Web page caption snippets:
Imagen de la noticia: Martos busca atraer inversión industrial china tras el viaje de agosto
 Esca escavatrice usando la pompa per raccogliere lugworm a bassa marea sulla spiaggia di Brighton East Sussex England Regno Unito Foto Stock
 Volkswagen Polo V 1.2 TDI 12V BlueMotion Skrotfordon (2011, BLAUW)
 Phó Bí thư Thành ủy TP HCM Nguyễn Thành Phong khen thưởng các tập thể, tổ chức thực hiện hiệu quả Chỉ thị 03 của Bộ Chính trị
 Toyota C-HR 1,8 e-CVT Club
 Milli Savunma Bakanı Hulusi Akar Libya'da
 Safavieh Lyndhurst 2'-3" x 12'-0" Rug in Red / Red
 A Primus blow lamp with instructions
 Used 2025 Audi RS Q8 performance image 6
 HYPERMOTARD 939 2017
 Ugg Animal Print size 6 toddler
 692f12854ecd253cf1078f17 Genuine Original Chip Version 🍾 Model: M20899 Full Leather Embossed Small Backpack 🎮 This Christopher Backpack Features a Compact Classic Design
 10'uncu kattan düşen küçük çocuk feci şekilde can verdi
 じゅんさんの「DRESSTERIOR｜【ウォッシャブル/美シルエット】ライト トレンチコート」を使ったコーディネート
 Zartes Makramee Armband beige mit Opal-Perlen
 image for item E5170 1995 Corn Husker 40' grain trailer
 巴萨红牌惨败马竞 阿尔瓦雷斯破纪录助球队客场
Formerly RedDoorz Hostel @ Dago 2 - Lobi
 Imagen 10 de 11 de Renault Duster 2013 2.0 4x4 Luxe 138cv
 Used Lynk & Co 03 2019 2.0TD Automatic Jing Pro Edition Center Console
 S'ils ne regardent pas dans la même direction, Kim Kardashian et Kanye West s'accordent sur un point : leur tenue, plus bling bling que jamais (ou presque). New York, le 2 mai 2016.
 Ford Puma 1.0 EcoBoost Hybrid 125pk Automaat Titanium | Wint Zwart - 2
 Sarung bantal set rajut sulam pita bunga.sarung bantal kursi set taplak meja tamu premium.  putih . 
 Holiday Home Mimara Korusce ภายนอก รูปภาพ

_What is expected_
Say only the number of lines of the data above in which the string "Imagen" occurs.

_Reply to the task_
2